=== Section Start ===
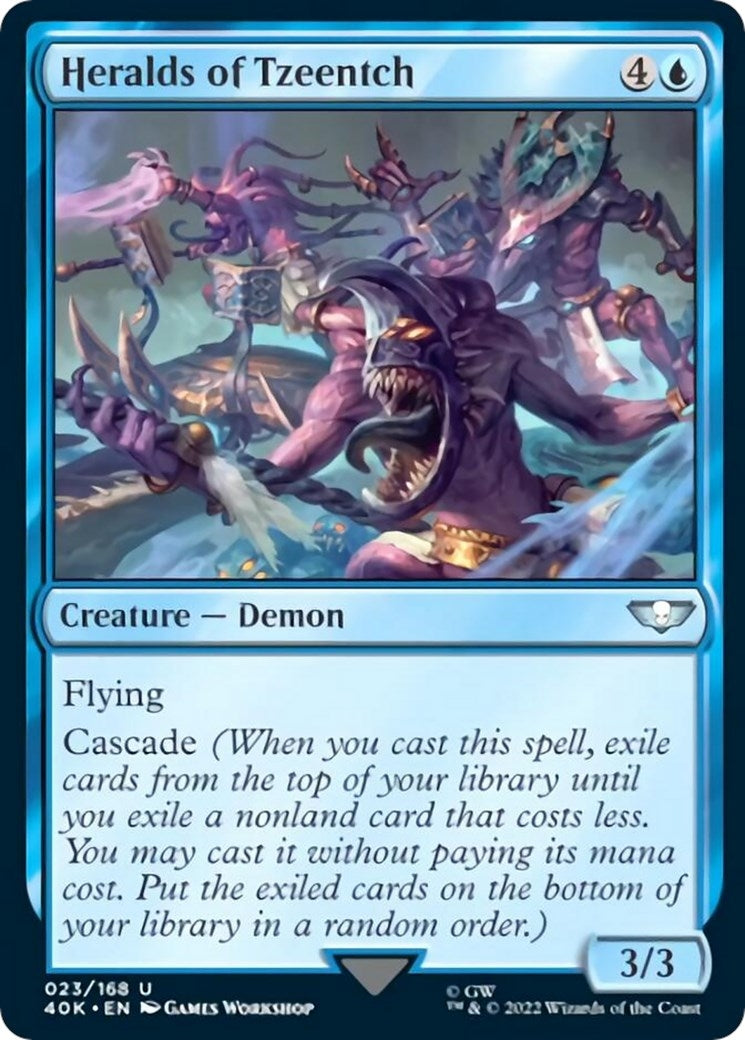 Image for Heralds of Tzeentch (Universes Beyond: Warhammer 40,000) (23) - Magic: The Gathering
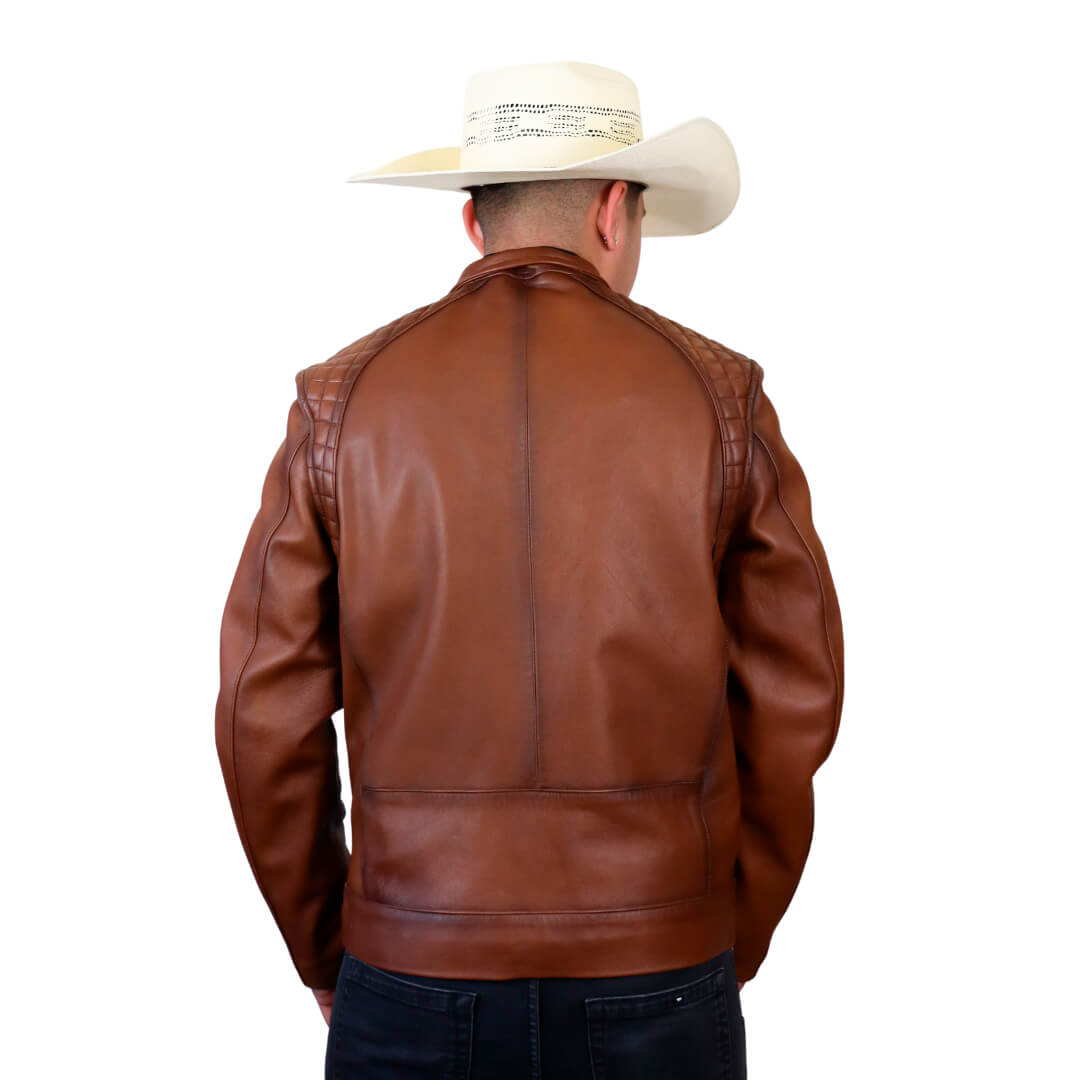 Chamarra de piel para caballero WR504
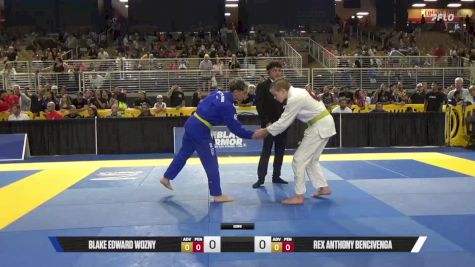Rex Anthony Bencivenga vs Blake Edward Wozny 2025 Pan Kids Jiu-Jitsu IBJJF Championship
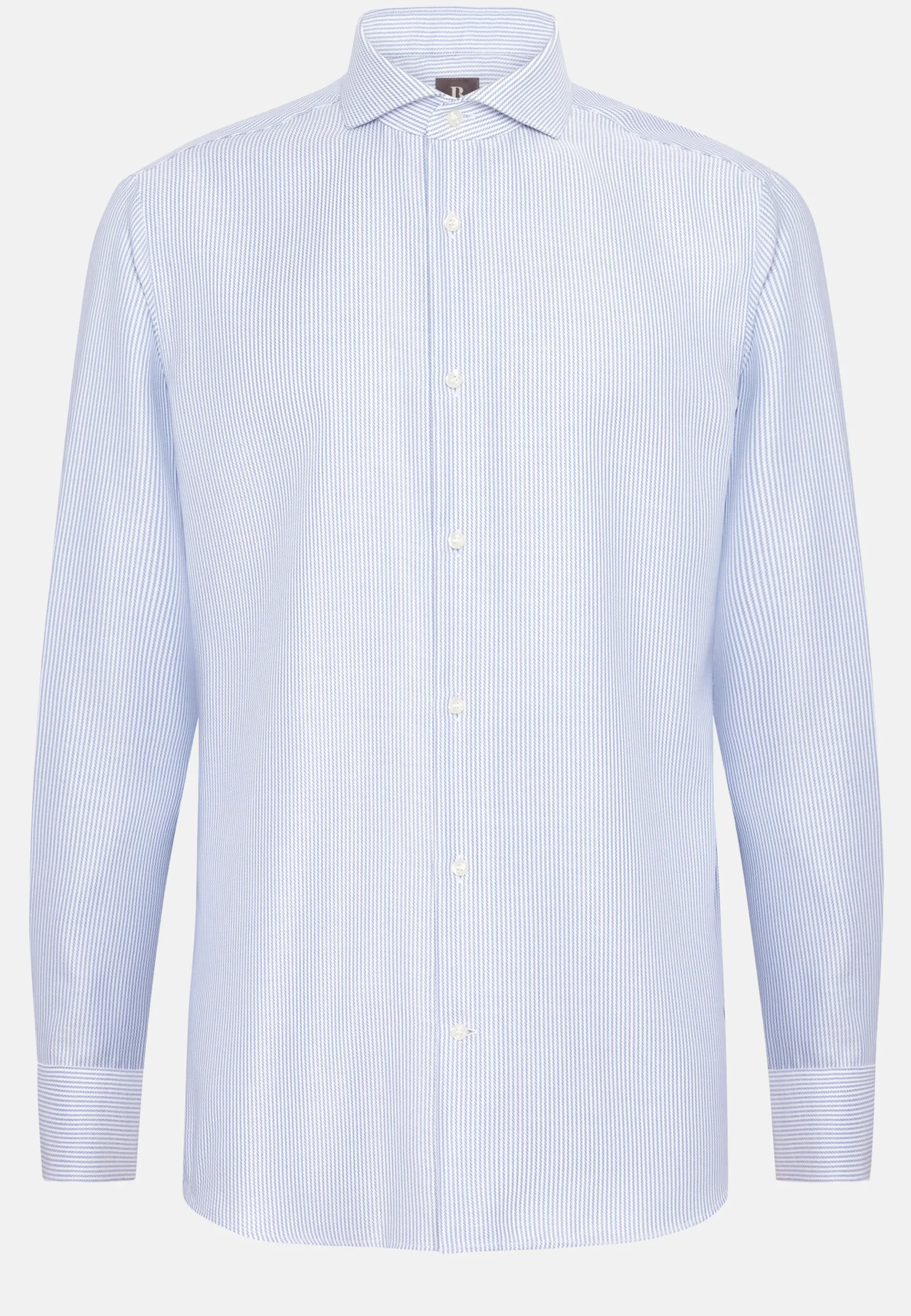 Chemise À Rayures En Sergé De Coton Regular Fit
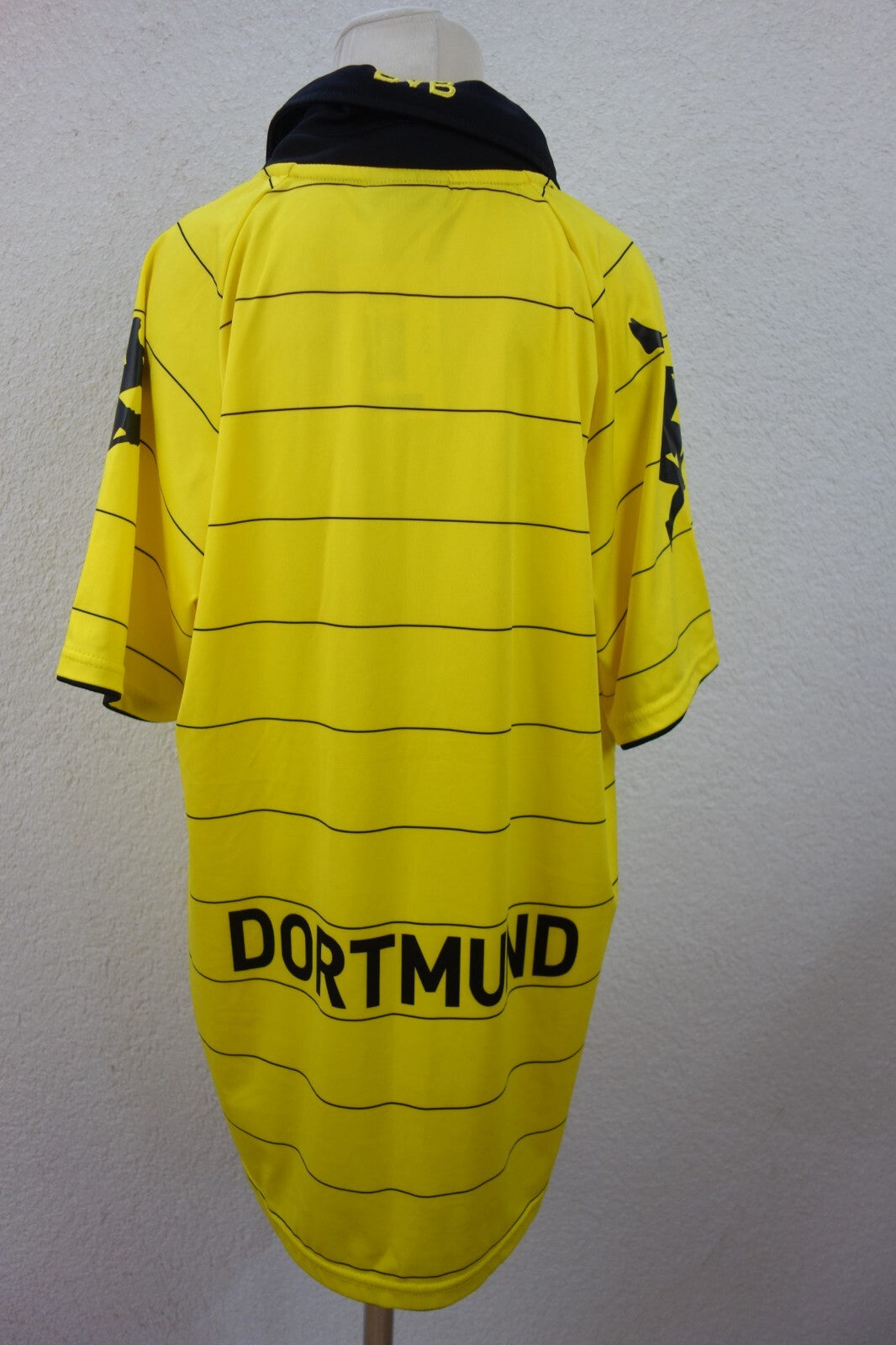 EK4027 Kinder Sport T-Shirt von Kappa mit BVB Print, gelb/schwarz, Gr. 1763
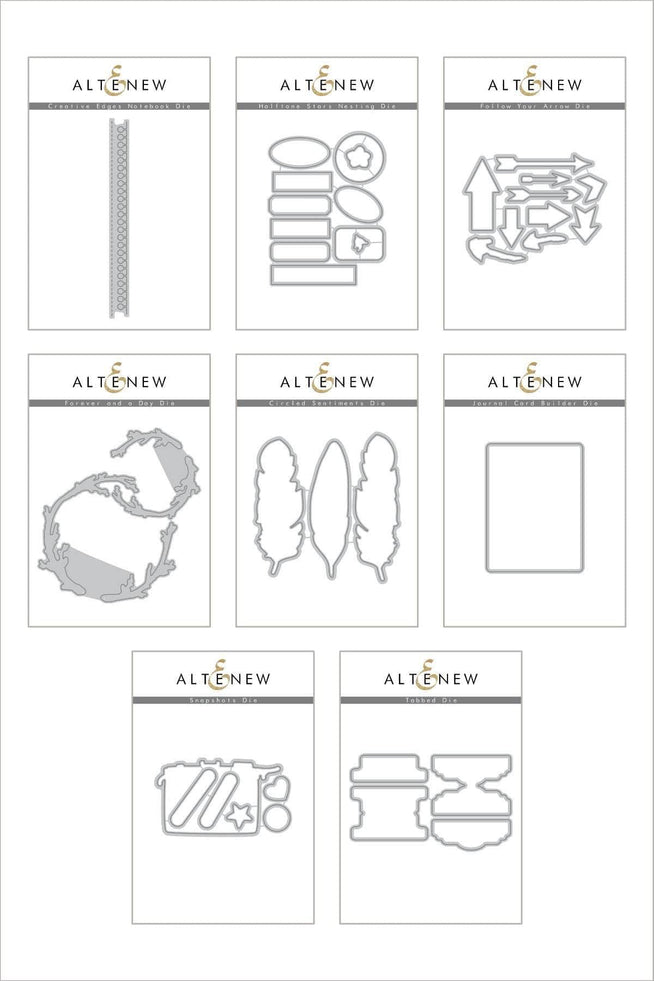 Altenew Die Bundle Snapshots of Our Story Die Bundle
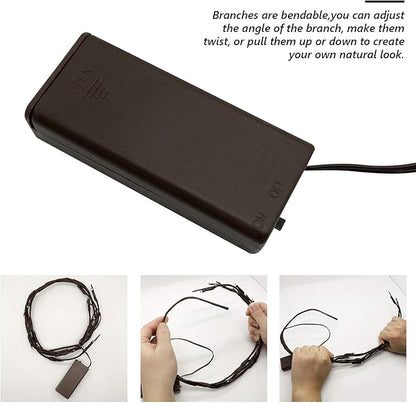 Led Branch Light Battery Operated Lighted Branches Vase Filler Willow Twig Lighted Branch 30 Inch 20 LED for Christmas Home Party Decoration Indoor Outdoor Use Pack of 2 Pink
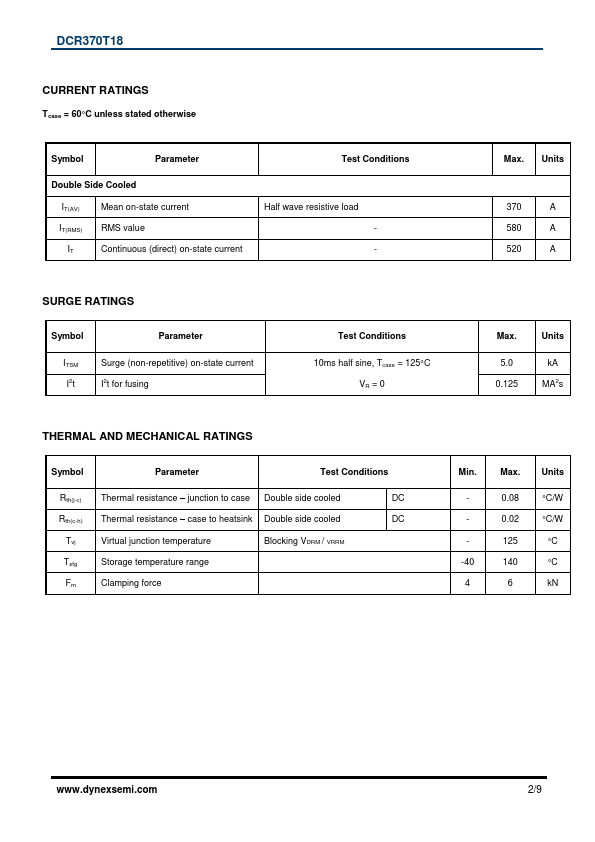 DCR370T18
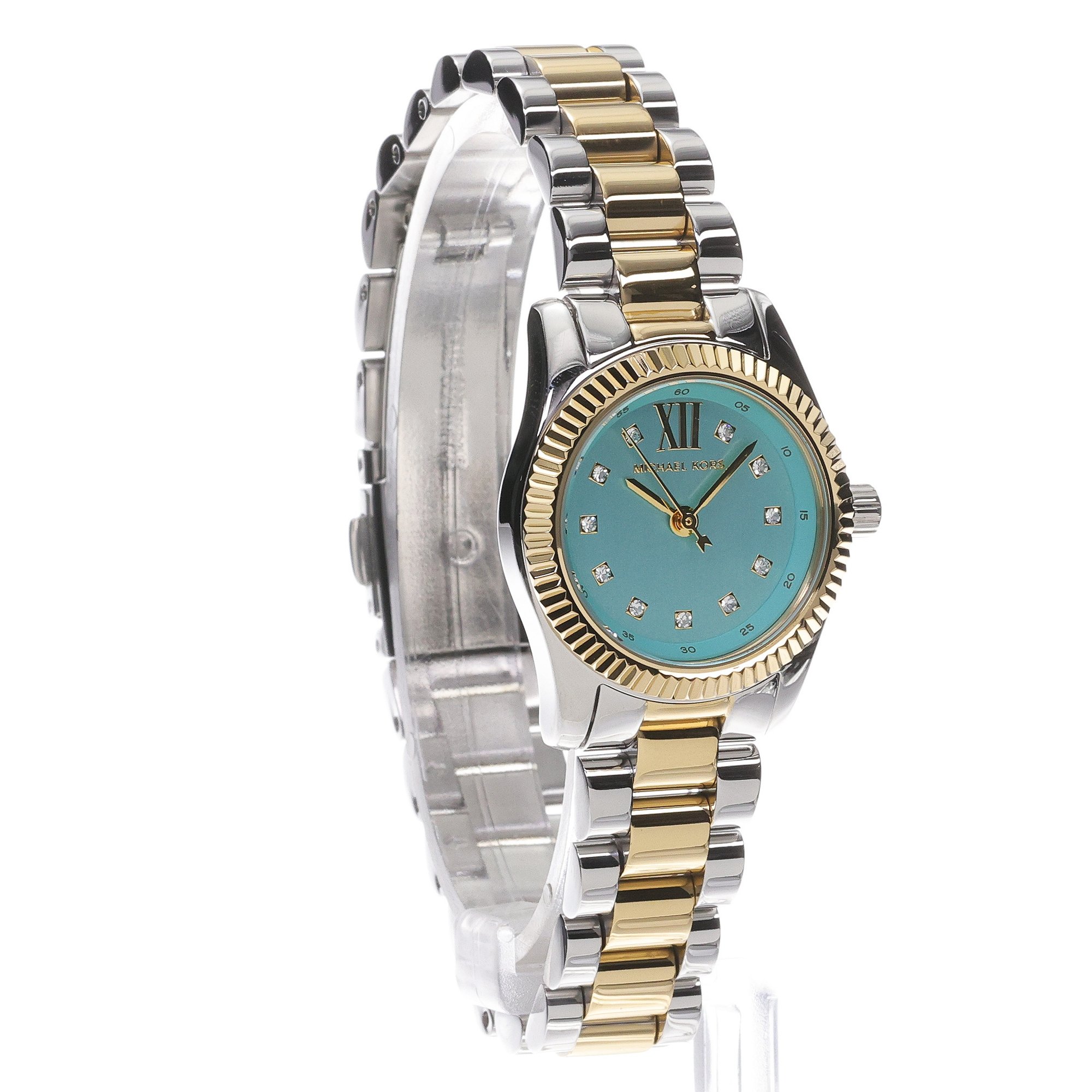 Michael Kors MK7579 Lexington Lady Damskie fashion-modowy zegarek srebrny - miniatura 3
=== Section End ===
Problem description
Leave out the pictures and give the rest of the material again, unaltered.

Written solution
 Image for Heralds of Tzeentch (Universes Beyond: Warhammer 40,000) (23) - Magic: The Gathering
 Chamarra de piel para caballero WR504
Rex Anthony Bencivenga vs Blake Edward Wozny 2025 Pan Kids Jiu-Jitsu IBJJF Championship
 Chemise À Rayures En Sergé De Coton Regular Fit
 EK4027 Kinder Sport T-Shirt von Kappa mit BVB Print, gelb/schwarz, Gr. 1763
 Altenew Die Bundle Snapshots of Our Story Die Bundle
 Led Branch Light Battery Operated Lighted Branches Vase Filler Willow Twig Lighted Branch 30 Inch 20 LED for Christmas Home Party Decoration Indoor Outdoor Use Pack of 2 Pink
 DCR370T18
 Michael Kors MK7579 Lexington Lady Damskie fashion-modowy zegarek srebrny - miniatura 3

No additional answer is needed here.